Kurô Tanino invité au Festival d’Automne, pour une pièce de théâtre intense et réussie
Kurô Tanino, talentueux metteur en scène japonais, est une nouvelle fois invité au Festival d’Automne. Sa pièce La Forteresse du sourire a bouleversé le public du Théâtre de Gennevilliers. Elle est à l’affiche jusqu’au dimanche 28 novembre.
Bruit de moteur. Les vagues, les mouettes. C’est l’obscurité.
Le piaillement d’oiseaux annonce la levée du jour : face à la Mer du Japon, une “vieille bicoque” abrite deux minuscules appartements séparés par une cloison.
Deux lieux de vie riches en contraste
Takeshi, un pêcheur d’une cinquantaine d’années, entre joyeusement avec ses camarades. Dans une ambiance très animée, ils préparent un repas et certains s’installent à même le sol. Parmi les rires, les discussions portent sur les femmes et l’amour “voué à l’échec”. A l’annonce des horoscopes à la télé, c’est l’effervescence : “Oh, monte le son !”
Le lendemain, la famille Fujita emménage dans l’appartement mitoyen. Une vieille dame voulait vivre près de la mer. Elle est alitée. Son fils, un employé de bureau, se dévoue et l’aide pour ses mouvements quotidiens. Très vite, il est épuisé. Il sollicite sa fille pour être relayé.
Elle le rejoint, son téléphone portable à la main, très ennuyée mais résignée.
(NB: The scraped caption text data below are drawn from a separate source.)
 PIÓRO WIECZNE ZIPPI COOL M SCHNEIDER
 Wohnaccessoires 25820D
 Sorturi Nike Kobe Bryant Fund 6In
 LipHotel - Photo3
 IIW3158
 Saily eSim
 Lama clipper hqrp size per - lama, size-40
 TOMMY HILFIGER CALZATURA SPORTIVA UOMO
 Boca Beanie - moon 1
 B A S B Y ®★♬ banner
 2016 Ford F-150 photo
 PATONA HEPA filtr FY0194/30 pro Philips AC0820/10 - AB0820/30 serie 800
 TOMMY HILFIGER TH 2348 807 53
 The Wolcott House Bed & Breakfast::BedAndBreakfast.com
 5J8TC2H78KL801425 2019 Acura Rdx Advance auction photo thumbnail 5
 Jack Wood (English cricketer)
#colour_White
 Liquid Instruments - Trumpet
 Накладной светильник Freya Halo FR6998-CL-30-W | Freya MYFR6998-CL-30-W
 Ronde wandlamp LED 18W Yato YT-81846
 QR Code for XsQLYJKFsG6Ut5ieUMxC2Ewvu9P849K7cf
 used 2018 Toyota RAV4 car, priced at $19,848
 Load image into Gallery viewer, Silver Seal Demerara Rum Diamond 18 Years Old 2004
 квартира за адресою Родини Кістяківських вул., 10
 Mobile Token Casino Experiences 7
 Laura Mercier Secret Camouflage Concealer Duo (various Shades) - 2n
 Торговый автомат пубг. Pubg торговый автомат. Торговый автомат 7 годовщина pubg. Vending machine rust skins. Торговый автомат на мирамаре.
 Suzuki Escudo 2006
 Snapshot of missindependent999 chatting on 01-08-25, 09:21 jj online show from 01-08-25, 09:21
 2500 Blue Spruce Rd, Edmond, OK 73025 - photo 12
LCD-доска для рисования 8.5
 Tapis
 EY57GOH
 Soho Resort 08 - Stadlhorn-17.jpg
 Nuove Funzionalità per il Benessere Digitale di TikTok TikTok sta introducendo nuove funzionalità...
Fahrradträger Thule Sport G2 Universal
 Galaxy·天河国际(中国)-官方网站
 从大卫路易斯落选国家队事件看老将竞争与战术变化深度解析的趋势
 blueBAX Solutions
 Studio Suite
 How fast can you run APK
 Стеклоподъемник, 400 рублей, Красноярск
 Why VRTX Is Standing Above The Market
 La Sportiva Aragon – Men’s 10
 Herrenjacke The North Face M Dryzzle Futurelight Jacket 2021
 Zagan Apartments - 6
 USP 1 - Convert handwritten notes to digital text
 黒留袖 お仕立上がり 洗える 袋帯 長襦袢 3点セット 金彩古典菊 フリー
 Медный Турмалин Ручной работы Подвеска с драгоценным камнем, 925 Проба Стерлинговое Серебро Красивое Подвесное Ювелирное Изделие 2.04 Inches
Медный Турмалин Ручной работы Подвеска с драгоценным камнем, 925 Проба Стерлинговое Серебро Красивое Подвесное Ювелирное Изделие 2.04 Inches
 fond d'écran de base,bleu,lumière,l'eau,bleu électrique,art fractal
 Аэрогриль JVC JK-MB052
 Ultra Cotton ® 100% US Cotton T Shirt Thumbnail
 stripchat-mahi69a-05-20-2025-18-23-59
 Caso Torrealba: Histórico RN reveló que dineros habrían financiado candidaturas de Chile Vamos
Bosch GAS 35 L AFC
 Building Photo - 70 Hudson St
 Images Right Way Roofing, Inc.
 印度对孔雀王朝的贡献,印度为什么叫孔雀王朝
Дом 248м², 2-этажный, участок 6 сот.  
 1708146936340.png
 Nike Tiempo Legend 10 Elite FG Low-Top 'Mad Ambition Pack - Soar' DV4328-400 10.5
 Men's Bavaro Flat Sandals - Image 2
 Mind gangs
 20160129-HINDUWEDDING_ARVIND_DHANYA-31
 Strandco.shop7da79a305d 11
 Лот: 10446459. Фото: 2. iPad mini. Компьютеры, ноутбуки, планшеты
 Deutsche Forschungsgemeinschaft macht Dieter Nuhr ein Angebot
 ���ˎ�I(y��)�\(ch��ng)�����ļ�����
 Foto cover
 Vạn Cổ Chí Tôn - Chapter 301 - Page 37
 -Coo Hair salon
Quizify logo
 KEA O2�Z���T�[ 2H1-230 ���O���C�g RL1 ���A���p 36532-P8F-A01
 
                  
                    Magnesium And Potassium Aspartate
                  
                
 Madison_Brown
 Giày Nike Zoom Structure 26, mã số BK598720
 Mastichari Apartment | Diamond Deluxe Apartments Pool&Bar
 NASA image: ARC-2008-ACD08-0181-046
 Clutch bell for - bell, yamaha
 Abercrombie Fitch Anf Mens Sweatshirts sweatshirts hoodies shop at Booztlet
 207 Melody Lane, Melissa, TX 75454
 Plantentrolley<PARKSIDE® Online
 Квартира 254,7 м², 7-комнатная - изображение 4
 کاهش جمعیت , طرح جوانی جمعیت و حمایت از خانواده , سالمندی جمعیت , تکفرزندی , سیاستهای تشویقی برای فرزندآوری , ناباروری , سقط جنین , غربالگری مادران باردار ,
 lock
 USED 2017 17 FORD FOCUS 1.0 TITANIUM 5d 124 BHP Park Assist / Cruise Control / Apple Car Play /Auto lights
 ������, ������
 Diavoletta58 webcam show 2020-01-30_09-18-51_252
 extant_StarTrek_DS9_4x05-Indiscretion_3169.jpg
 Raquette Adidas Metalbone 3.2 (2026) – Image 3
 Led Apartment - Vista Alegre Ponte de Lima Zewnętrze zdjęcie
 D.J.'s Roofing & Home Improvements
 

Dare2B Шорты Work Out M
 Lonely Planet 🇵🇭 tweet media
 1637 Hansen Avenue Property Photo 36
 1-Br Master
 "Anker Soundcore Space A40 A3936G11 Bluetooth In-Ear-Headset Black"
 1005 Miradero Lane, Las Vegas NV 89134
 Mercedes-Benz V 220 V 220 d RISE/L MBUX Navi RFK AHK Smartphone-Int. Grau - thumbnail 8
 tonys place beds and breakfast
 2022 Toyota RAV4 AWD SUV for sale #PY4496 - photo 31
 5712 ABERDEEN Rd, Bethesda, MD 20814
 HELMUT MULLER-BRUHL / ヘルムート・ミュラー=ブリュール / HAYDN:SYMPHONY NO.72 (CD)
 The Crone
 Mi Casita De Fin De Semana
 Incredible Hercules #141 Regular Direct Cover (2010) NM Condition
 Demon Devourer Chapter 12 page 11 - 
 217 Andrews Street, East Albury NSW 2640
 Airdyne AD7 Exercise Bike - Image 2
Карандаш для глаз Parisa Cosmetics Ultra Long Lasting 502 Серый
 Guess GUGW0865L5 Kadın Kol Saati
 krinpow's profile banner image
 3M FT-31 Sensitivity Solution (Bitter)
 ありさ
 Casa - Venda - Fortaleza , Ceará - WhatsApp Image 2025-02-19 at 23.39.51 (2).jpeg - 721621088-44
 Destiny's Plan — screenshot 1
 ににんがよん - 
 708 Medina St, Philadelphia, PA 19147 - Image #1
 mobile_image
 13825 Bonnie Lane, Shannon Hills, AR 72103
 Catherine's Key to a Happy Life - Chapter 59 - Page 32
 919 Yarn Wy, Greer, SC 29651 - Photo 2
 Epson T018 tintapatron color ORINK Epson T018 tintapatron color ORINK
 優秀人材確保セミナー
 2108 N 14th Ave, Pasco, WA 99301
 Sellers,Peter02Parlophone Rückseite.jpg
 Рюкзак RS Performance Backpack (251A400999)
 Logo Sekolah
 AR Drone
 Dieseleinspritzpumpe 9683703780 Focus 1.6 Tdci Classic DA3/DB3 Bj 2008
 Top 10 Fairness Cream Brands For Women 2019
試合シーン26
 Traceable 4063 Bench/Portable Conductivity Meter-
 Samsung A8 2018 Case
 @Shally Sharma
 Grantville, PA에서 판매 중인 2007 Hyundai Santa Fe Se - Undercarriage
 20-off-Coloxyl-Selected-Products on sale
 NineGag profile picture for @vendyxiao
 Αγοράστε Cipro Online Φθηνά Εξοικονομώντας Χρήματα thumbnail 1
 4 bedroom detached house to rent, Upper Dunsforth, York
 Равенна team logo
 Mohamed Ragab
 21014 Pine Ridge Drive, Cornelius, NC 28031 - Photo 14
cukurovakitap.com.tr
Elle ne parle pas à sa grand-mère, comme sidérée par son comportement incongru, peut-être provocant.
Deux lieux de vie riches en contraste se déroulent en parallèle. Les voisins ne se sont toujours pas croisés. Pendant une soirée, Monsieur Fujita va se présenter aux pêcheurs. Il est dans la retenue, plutôt gauche. L’accueil est chaleureux : “Vous êtes le bienvenu même si c’est cradingue !” Un repas à base de poissons est partagé et au milieu des éclats de rires, Monsieur Fujita confie son étonnement : “Vraiment, je vous envie. J’aimerais passer ma vie à rire avant de mourir.”
Un théâtre humaniste
Près d’une lampe de chevet, il lit à haute voix Le Vieil Homme et la Mer d’Ernest Hemingway : “Mais il pensait toujours à la mer au féminin, cette mer prodiguant ou non ses grands bienfaits, et si elle se montrait violente ou mauvaise, c’était qu’elle ne pouvait s’en empêcher.” Tout à côté, les dialogues absurdes d’un western spaghetti se font entendre ; ils permettront pourtant une discussion émouvante.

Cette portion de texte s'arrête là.